A Dataset and Benchmarks for Deep Learning-Based Optical Microrobot Pose and Depth Perception
Lan Wei and Dandan Zhang
Imperial College London

Introduction

Optical microrobots, manipulated via optical tweezers (OT), have broad applications in biomedicine. However, reliable pose and depth perception remain fundamental challenges due to the transparent, noisy, and dynamic characteristics of the microscale environments in which they operate. An open dataset is crucial for enabling reproducible research, facilitating benchmarking, and accelerating the development of perception models tailored to microscale challenges. Standardized evaluation enables consistent comparison across algorithms, promoting fair assessment and driving progress in the field. Here, we introduce the OpTical MicroRobot dataset (OTMR), the first publicly available dataset designed to support microrobot perception under optical microscope. OTMR contains 232,881 high-resolution images spanning 18 microrobot types and 176 distinct poses. We benchmarked the performance of eight deep learning models, including architectures derived via neural architecture search, on two key tasks: pose classification and depth regression. Results indicated that Vision Transformers achieve the highest accuracy in pose classification, while depth regression benefits from deeper architectures. Additionally, increasing the size of the training dataset leads to substantial improvements across both tasks, highlighting OTMR’s potential as a foundational resource for robust and generalisable microrobot perception in complex microscale environments.

Dataset

How can the microtobot be fabricated?

The optical microrobots used in this study were fabricated using a Nanoscribe 3D printer (Nanoscribe GmbH,Germany) with IP-L 780 photoresist as the printing material. The fabrication process employed two-photon polymerization (2PP). Microrobots were directly printed onto glass substrates and subsequently immersed in deionized (DI) water within a sealed spacer chamber for imaging and experimental use.

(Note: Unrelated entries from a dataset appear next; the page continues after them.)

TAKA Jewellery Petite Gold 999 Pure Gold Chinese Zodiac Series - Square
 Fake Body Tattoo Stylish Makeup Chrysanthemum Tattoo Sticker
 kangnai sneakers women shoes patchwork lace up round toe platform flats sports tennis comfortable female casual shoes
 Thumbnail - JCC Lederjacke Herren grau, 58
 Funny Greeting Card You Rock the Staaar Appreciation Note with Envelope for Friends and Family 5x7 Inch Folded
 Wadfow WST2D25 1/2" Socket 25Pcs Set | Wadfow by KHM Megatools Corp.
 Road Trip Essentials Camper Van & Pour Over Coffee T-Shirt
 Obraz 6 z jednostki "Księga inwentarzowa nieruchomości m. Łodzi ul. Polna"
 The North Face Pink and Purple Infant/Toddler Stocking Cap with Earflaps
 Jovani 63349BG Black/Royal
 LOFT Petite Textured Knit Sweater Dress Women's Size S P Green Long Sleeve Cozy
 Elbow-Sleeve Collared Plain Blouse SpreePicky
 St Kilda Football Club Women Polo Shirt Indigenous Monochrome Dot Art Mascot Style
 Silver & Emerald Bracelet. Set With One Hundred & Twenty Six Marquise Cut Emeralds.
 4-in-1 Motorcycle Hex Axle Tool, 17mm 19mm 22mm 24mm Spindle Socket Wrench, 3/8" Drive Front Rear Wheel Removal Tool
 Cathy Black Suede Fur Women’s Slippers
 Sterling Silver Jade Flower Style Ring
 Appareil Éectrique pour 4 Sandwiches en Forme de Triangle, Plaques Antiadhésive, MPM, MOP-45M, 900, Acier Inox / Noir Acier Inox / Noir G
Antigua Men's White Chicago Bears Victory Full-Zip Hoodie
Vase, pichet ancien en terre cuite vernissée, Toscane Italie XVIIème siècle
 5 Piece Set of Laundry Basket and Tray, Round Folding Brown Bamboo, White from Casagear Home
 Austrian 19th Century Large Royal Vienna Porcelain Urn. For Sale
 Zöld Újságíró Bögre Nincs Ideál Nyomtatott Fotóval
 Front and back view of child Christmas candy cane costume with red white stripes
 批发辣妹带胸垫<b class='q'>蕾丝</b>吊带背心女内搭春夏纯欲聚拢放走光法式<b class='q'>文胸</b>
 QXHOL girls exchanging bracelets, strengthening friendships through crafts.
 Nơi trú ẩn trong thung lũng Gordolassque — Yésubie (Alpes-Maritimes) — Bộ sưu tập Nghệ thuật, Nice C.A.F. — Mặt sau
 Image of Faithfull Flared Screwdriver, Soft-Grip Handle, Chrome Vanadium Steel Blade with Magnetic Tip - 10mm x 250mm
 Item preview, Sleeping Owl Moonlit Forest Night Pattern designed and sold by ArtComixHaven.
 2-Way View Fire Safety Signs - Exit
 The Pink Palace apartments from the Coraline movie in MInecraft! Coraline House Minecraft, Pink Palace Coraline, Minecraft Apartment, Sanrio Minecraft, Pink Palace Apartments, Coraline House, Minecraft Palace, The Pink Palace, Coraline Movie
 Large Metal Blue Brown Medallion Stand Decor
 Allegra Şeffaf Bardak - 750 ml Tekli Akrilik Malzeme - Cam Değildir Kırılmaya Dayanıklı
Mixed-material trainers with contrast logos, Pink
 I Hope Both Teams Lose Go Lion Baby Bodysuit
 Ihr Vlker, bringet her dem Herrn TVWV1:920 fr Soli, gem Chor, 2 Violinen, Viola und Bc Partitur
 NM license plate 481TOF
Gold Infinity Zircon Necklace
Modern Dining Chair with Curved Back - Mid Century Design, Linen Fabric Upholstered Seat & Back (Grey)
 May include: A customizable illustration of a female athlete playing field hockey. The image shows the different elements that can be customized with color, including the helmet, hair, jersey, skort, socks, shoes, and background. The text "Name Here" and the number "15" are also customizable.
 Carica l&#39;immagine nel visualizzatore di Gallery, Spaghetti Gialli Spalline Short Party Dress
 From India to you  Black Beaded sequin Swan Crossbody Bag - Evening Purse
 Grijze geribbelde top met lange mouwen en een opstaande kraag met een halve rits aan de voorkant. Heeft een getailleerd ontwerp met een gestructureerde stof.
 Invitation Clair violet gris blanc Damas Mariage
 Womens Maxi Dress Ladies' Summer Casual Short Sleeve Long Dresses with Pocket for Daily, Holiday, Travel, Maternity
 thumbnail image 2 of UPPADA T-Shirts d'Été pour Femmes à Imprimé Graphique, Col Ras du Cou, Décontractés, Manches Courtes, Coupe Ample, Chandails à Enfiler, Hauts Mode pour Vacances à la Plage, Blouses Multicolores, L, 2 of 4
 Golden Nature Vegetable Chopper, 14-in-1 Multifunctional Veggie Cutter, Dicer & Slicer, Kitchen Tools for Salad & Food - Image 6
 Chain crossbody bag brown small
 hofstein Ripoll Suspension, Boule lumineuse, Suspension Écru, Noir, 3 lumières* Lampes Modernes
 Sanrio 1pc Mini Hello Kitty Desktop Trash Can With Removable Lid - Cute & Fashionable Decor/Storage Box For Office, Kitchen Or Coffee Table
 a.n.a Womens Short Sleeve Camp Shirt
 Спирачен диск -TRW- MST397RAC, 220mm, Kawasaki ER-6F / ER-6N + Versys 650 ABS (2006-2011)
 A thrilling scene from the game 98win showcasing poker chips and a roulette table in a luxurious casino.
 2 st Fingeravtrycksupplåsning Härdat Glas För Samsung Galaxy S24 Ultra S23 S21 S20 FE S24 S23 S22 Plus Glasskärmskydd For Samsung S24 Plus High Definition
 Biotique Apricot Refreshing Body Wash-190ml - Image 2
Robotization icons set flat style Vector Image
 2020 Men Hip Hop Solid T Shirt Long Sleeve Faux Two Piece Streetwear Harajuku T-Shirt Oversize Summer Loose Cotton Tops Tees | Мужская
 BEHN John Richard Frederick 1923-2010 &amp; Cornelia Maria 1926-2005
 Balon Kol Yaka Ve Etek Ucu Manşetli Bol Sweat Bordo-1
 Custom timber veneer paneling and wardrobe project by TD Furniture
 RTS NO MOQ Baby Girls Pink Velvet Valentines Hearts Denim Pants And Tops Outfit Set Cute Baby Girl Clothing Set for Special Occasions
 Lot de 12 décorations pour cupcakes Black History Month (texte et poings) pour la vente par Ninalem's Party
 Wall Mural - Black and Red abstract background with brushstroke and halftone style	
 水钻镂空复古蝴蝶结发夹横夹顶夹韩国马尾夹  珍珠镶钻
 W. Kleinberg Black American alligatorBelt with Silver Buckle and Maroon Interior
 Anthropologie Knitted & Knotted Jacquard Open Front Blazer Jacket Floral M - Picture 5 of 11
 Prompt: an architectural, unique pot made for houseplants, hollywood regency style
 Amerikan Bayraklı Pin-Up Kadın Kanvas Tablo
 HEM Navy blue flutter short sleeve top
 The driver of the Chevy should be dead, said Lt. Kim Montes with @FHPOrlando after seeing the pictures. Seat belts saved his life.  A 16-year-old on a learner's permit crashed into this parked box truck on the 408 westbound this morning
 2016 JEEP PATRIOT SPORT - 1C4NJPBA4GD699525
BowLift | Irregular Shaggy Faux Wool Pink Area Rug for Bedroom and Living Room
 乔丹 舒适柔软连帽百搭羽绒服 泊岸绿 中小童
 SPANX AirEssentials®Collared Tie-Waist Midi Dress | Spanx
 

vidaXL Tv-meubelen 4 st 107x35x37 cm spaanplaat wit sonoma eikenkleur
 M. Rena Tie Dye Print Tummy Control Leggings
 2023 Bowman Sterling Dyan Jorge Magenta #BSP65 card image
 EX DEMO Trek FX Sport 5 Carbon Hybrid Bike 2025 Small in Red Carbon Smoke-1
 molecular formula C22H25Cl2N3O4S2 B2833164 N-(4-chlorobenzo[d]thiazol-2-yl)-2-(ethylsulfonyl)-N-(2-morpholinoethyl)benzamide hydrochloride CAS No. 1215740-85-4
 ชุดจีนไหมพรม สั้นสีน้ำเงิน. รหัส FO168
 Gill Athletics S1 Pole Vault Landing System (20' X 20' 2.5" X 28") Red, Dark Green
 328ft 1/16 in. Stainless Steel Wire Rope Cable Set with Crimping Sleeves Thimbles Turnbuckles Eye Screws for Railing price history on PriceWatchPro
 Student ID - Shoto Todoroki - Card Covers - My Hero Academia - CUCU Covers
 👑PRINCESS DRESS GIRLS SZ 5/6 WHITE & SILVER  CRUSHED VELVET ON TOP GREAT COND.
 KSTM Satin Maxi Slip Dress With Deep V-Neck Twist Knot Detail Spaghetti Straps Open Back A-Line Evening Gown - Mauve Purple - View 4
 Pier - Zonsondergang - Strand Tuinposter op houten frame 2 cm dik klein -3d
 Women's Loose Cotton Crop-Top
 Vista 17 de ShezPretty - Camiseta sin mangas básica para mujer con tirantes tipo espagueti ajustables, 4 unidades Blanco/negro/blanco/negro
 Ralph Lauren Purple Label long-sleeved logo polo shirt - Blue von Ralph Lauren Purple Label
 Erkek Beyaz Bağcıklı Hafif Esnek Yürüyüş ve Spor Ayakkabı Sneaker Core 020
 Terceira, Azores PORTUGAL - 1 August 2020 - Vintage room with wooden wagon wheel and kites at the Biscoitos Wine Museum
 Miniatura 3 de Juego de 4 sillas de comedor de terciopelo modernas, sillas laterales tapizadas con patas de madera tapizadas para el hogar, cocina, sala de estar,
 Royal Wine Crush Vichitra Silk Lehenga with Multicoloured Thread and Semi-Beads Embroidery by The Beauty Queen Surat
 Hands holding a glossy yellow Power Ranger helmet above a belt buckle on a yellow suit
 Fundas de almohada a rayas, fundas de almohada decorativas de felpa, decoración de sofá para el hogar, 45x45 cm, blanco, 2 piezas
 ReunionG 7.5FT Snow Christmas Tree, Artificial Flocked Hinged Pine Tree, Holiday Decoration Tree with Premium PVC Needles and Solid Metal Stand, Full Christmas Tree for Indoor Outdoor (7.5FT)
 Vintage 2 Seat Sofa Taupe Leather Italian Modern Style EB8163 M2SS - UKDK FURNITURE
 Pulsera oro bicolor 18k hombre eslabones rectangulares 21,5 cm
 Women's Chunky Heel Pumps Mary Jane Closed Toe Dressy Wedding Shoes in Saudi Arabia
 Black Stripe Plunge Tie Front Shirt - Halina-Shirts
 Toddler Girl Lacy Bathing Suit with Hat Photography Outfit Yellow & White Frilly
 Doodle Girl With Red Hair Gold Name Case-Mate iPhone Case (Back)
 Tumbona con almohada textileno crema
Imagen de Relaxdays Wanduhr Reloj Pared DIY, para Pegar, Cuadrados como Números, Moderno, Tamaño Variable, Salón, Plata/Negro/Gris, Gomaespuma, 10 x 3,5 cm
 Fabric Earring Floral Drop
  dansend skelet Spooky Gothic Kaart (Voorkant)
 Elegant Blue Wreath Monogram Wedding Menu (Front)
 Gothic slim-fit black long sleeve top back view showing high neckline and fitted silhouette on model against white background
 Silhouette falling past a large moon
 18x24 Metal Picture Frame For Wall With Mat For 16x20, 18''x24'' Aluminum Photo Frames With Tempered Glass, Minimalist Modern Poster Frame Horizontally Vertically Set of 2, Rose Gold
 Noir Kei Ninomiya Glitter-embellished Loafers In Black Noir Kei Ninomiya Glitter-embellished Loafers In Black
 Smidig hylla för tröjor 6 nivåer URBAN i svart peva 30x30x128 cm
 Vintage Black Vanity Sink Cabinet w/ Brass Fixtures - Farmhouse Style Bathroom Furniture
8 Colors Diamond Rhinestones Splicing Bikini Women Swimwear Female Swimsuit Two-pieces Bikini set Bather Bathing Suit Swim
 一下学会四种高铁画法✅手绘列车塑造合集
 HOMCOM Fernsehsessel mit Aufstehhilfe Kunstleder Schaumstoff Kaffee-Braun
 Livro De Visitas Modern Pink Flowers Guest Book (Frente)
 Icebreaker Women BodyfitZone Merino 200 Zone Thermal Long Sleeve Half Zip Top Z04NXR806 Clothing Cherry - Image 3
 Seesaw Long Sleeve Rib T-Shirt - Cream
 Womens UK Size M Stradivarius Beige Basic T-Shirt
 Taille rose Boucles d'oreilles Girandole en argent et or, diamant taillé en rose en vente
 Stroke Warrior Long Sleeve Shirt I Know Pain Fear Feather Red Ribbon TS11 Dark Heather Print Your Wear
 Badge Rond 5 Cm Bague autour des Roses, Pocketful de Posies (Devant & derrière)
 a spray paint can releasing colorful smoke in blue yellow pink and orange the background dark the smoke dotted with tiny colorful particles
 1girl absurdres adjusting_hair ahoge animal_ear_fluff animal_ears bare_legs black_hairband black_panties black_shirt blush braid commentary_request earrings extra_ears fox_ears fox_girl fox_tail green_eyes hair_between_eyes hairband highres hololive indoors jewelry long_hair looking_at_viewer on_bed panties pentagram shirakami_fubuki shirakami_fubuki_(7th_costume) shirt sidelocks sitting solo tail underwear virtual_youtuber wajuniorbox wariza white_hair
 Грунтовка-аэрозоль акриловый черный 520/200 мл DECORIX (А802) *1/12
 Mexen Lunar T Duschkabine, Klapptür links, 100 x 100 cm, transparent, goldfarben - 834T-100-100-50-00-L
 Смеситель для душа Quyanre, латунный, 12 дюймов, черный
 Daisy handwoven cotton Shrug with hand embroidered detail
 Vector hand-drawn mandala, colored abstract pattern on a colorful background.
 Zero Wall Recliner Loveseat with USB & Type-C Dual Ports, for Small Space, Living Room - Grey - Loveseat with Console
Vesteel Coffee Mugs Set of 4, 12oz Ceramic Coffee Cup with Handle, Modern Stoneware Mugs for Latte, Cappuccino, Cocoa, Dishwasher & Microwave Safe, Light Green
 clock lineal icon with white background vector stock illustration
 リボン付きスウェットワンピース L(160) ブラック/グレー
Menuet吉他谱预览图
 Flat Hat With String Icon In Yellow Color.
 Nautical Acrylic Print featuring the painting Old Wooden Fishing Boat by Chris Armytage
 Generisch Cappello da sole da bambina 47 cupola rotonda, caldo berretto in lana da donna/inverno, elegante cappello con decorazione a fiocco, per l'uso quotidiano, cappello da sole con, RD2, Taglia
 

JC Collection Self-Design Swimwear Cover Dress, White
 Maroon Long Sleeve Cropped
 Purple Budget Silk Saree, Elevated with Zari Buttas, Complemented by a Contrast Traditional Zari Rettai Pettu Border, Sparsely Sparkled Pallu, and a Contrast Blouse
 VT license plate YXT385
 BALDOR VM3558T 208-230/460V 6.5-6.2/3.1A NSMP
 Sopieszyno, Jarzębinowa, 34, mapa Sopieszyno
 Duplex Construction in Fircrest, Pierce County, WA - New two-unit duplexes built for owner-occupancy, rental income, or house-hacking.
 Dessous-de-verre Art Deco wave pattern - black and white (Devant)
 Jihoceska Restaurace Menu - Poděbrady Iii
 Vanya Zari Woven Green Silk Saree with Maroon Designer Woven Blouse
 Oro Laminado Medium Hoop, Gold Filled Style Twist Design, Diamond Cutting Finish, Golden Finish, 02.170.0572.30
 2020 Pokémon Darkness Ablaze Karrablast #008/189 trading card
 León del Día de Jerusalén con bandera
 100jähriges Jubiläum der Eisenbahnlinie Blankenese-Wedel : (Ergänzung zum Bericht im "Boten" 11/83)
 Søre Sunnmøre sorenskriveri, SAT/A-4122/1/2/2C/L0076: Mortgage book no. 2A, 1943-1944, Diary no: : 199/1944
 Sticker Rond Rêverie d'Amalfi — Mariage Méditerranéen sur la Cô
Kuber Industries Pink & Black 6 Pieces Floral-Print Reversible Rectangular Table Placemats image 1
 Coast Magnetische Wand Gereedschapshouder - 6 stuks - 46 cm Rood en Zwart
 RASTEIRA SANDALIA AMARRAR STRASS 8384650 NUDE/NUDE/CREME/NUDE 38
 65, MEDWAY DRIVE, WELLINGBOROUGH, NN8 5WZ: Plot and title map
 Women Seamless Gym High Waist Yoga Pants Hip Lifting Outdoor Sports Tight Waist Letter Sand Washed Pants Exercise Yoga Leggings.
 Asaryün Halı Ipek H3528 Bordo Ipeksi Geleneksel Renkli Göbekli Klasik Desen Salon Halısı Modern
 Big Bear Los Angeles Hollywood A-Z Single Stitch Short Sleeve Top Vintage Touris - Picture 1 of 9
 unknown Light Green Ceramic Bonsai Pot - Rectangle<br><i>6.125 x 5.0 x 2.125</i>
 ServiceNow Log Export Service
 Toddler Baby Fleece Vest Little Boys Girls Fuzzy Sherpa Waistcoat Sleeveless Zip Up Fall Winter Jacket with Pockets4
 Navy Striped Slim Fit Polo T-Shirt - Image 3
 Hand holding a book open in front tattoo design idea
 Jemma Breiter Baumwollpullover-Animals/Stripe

Eighteen distinct microrobot designs were fabricated for inclusion in the OTMR dataset. Their CAD models and corresponding focal plane images are shown in Fig. 2. Microrobots 1–6 (top row) were primarily used for pose classification, featuring 176 unique out-of-plane poses generated by varying rotation angles from 0 to 90. All 18 types were used for depth estimation.

Optical Microrobot Visualization
Fig. 2. Overview of the 18 microrobot types included in the OTMR dataset. For each robot, the left image shows its CAD model, and the right image presents the corresponding experimental image captured at the focus plane under an optical microscope. Microrobots 1–6 (top row) are specifically designed for the pose classification task due to their varied and distinguishable orientations, while all 18 types are used for depth estimation tasks.
Git
Image 1 Image 2 Image 3 Image 4 Image 5 Image 6
Process Optical Tweezer Video to Single Frames

The aboving figure provides an example video of microrobots recorded using an optical tweezer. For user convenience, the dataset includes pre-processed frames and labels. To access the original video files, please contact: d.zhang17@imperial.ac.uk or l.wei24@imperial.ac.uk.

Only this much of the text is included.